A federal district court has original "diversity" jurisdiction where the suit is between citizens of different states and the amount in controversy exceeds $75,000, exclusive of costs and interest. 28 U.S.C. 1332(a). In this case, the parties have stipulated to diversity of citizenship; therefore, the only issue relevant to whether the diversity requirements of § 1332 have been met is whether the amount in controversy exceeds $75,000. Diversity jurisdiction under 28 U.S.C. § 1332 requires that the amount in controversy must exceed "the sum or value of $75,000, exclusive of interest and costs." 28 U.S.C. § 1332. On its face, this language appears to exclude attorney fees and interest. There is an exception, however, for penalties and attorney fees that are mandated by statute upon a judgment in favor of Plaintiff or provided for by contractual agreement. Clark v. Nat'l Travelers Life Ins. Co., 518 F.2d 1167, 1168 (6th Cir.1975) ("It is settled that the statutory penalty and a statutory attorney's fee can be considered in determining whether the jurisdictional amount is met."); see Torres v. State Farm Mut. Auto. Ins. Co., 478 F. Supp. 2d 924, 927-28 (E.D. Mich. 2007).
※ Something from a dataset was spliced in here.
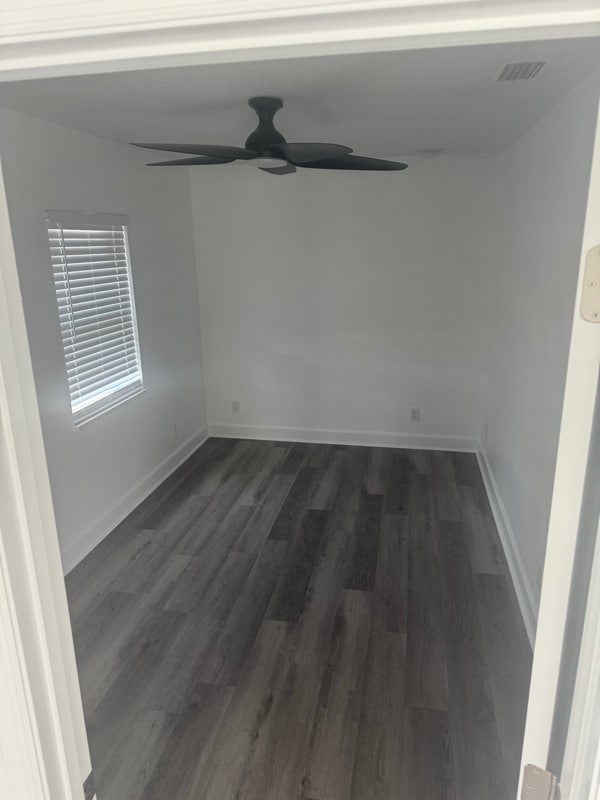 Building Photo - 3527 18th Ave S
Plaintiff seeks relief pursuant to Mich. Comp. Laws §§ 449.1305(2) and 449.22. Section 449.1305(2) states that each limited partner has the right to

[o]btain from the general partners, from time to time, upon reasonable demand (i) true and full information regarding the state of the business and financial condition of the limited partnership, (ii) promptly after becoming available, a copy of the limited partnership's federal, state, and local income tax returns for each year, and (iii) other information regarding the affairs of the limited partnership as is just and reasonable.
Plaintiff requests that the Court grant injunctive relief and order Defendants to produce all the documents she has requested and to award attorney fees and costs incurred as a result if she prevails on this claim.
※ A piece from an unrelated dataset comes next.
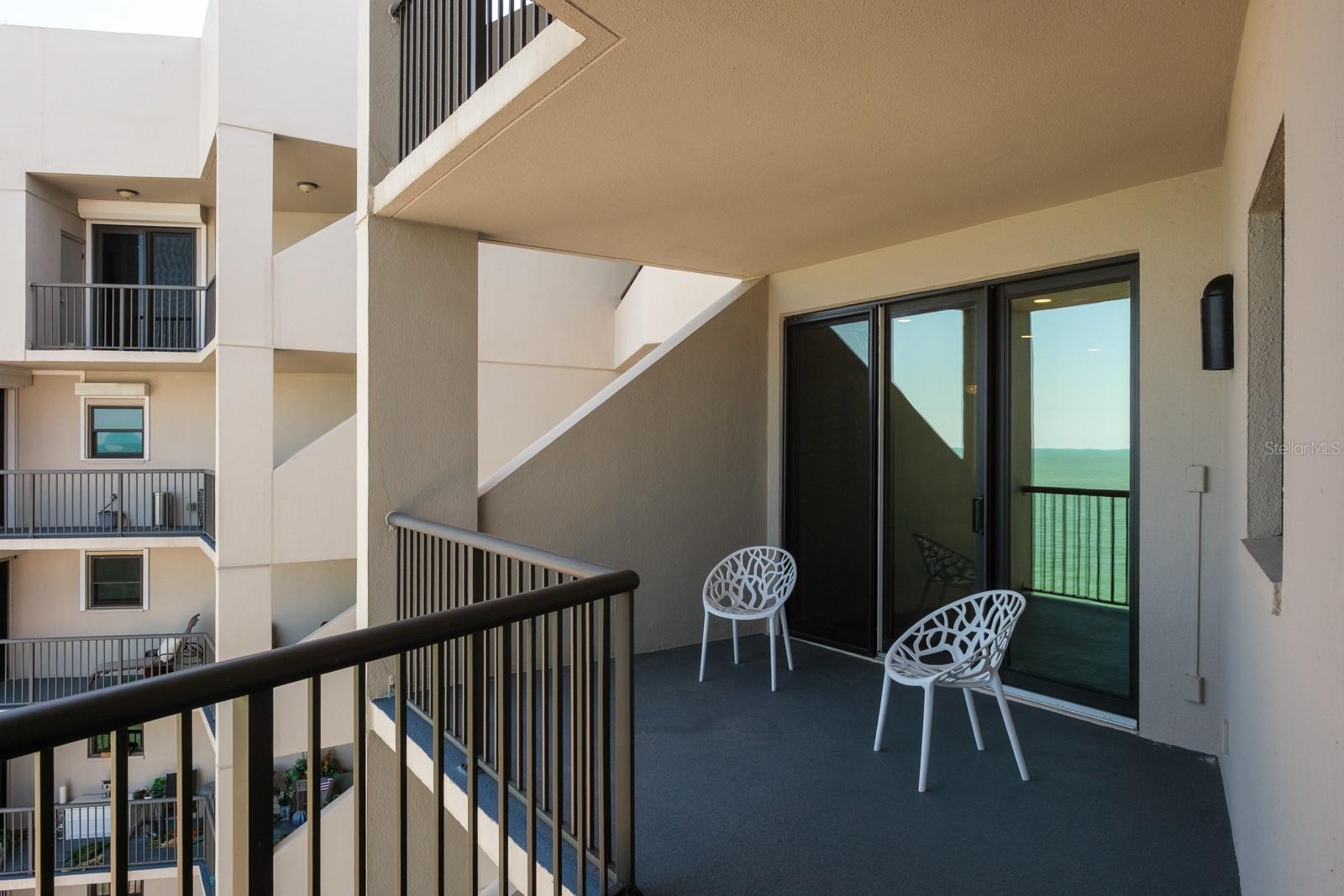 Image 36 of 51 For 1600 Gulf Boulevard 1112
A claim for accounting pursuant to § 449.22 is an equitable remedy. Section 449.22 provides that

[a]ny partner shall have the right to a formal account as to partnership affairs:

(a) If he is wrongfully excluded from the partnership business or possession of its property by his copartners;
(b) If the right exists under the terms of any agreement,
(c) As provided by section [449.]21;
(d) Whenever other circumstances render it just and reasonable.
Plaintiff requests that the Court order Defendants to provide Plaintiff with an accounting of D&B and D,T & B by an independent and neutral auditor, including but not limited to an accounting of all revenues, expenses, distributions and transactions involving any of the other Boutell Enterprises in which Tim Boutell has an interest if she prevails on this claim.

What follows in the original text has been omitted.